Analyzes a specific web page to gather textual information.

PreviousWebsiteNextSitemap

Last updated 3 months ago

Detailed Explanation

  1. Name:

    • This field allows you to assign a specific name to your webpage data source, helping you identify it easily within your project.

    • Example: You might name it "E-commerce Product Page" if the data pertains to products listed on an online store.

  2. URL(s):

    • This field is for specifying one or more URLs from which you want to scrape data. You can enter multiple URLs separated by commas.

    • Example: If you want to scrape data from multiple URLs, you would enter:

      Copyhttps://example.com, https://another-example.com
  3. Fetch Content from Page Sub-URLs?:

    • This option allows you to specify whether you want to scrape the main page as well as its subpages (nested links).

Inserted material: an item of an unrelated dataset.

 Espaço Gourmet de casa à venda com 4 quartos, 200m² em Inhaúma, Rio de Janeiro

    • Example: If you check this option, the scraper will also gather data from any linked pages within the specified URLs.

  4. Enable Pagination:

    • This option allows you to enable pagination for the scraping process, which is useful for websites that display data across multiple pages.

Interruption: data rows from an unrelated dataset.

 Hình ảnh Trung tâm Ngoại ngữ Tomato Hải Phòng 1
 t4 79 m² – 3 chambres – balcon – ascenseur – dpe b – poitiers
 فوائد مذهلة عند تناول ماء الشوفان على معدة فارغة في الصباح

    • Example: If a webpage lists products across several pages, enabling pagination will allow the scraper to collect data from all those pages.

  5. Page Key:

    • This parameter is used to specify the key for pagination in the URL, which is crucial for navigating through pages.

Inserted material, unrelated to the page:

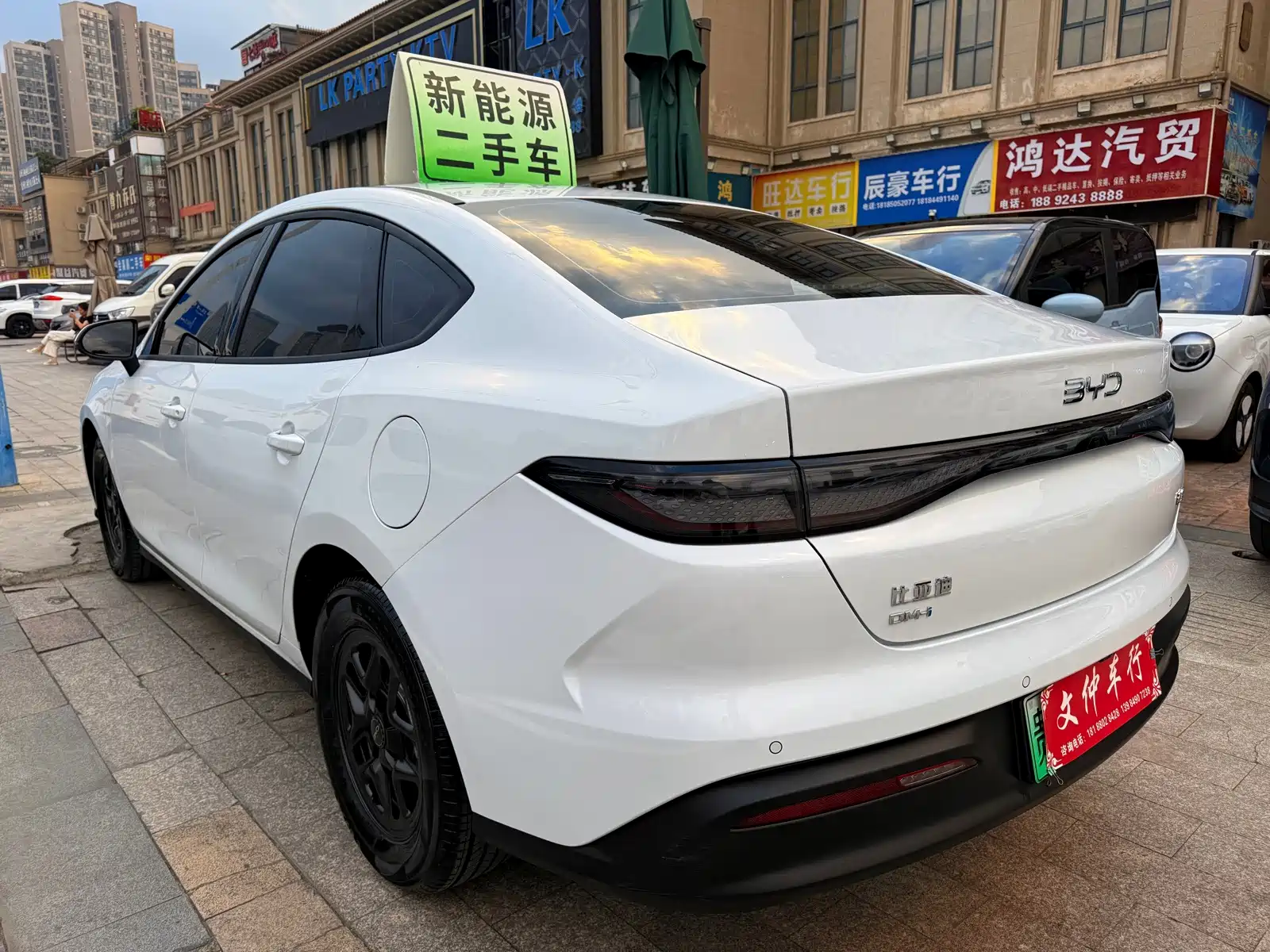 Photo 6 - BYD Seal 05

    • Example: If your pagination uses a query parameter like ?page=1, you would enter:

      Copypage
  6. Max Pages:

    • This field specifies the maximum number of pages to scrape if pagination is enabled. Setting this helps control the volume of data collected.

    • Example: If you want to scrape a maximum of 5 pages, you would enter:

      Copy5
  7. Chunk Size:

    • This field specifies the number of tokens or characters in each chunk of data processed. The default value is set to 1024, but you can modify it as needed.

    • Example: If you expect a large volume of data, you might set the chunk size to 512 for easier processing.

  8. Cost Information:

    • This section provides details about the cost associated with importing words from the specified web pages.

    • Example: If it states "Cost per words: 0.035 tokens" and "Remaining words: 1279900685 Words," this indicates how many tokens will be charged for each word processed and the total number of words remaining for processing.